Potensi pengembangan PLTMH sangat terbuka. Dari seluruh 75.000 MW potensi kelistrikan tenaga air, baru 10 persen, atau 7.500 MW bisa digunakan untuk pembangkit listrik tenaga mikrohidro. Saat ini, yang baru dimanfaatkan baru sebesar 60 MW.

Direktur Sahabat Masyarakat Pantai (Sampan) Kalimantan Barat, Fajri menyebutkan, potensi angin, matahari dan air daerah ini sangat kaya. Sayang, potensi itu belum tergali dengan baik.

Desa Nanga Raun, Kecamatan Kalis, Kabupaten Kapuas Hulu misalnya. Di sana potensi listrik dari sumber daya air tadi mencapai 10-15 MW atau setara dengan mengaliri listrik tiga unit mall di Kota Pontianak, rata-rata berkapasitas 2 MW.

Itu belum termasuk di Desa Nanga Semangut, Kecamatan Bunut Hulu,  Kapuas Hulu.

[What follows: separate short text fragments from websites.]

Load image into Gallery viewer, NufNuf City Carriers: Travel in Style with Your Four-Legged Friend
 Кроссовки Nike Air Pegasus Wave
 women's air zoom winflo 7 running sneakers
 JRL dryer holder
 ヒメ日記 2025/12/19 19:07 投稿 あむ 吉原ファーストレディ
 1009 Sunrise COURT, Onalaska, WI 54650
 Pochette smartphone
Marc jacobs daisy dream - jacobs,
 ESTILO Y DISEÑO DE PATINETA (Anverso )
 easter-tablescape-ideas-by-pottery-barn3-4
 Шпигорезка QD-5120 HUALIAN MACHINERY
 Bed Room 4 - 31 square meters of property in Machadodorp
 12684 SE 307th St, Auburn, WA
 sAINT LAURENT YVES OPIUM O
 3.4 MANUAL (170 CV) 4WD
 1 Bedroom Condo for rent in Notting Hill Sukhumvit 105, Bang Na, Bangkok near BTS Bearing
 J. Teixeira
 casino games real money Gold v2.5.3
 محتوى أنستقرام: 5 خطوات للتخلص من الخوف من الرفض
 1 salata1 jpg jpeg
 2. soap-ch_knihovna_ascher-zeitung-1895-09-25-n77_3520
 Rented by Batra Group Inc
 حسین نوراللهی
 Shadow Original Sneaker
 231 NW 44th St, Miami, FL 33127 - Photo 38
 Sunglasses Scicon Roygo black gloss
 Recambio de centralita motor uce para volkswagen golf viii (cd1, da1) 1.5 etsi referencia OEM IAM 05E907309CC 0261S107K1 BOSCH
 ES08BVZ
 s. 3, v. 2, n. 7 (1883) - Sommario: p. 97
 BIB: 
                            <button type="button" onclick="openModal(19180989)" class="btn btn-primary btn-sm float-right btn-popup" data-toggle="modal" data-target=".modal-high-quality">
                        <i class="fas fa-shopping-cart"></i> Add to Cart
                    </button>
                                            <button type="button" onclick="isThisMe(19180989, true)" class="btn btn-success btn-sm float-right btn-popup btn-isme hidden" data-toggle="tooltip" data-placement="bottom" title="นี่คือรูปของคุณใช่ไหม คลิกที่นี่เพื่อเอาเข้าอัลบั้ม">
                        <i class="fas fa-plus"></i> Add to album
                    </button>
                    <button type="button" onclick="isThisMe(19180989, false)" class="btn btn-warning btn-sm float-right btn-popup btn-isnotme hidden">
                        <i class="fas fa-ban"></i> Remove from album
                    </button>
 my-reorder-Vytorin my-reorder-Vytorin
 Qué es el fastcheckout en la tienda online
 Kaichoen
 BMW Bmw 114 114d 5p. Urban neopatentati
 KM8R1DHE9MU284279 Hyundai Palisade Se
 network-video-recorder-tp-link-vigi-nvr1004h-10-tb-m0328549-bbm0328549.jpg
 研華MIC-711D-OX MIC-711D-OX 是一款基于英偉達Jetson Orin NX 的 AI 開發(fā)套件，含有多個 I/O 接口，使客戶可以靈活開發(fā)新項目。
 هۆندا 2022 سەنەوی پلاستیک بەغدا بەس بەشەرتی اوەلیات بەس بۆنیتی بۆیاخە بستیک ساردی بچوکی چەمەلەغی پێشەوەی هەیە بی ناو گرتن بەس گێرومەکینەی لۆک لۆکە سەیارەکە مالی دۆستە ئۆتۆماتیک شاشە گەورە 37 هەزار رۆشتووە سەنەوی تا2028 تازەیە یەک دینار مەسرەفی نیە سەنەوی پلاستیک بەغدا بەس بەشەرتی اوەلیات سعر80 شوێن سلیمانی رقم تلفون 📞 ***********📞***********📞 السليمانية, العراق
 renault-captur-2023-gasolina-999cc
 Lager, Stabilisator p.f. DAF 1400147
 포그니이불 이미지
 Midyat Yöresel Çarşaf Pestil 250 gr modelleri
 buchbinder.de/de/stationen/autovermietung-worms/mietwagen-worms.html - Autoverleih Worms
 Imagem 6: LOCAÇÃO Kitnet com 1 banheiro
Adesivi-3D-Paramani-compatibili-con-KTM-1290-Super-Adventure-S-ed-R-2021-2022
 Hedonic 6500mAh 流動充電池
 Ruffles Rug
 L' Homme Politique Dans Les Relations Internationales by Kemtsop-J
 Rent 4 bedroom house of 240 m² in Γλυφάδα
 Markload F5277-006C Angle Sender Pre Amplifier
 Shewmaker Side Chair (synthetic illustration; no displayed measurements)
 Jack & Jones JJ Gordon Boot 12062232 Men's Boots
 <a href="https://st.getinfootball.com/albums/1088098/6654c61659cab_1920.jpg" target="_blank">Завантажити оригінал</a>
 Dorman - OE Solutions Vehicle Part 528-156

Sumber dari air terjun dan sungai. Hasil penelitian PLN dan peneliti dari Bogor, dua sumber pembangkit itu mampu menghasilkan listrik untuk tiga kabupaten, yakni Sintang, Melawi dan Kapuas Hulu.  

Karena itu, Fajri mendorong PLN dan Pemda harus selaras memanfaatkan energi terbarukan ini guna memenuhi kebutuhan listrik di Kalbar.

Menurutnya, pemerintah bisa saja memulai proyek ini di tiap daerah yang berpotensi menghasilkan listrik dari energi yang melimpah. 

Baca Juga: Kendaraan Listrik Diklaim Kurangi Emisi Karbon, PLN Dorong dan Kembangkan Ekosistemnya

Dari praktik yang ada, pengembangan PLTMH tidak sekadar membangun pembangkit listrik, tetapi berpeluang menjadi salah satu upaya membangun kemandirian desa.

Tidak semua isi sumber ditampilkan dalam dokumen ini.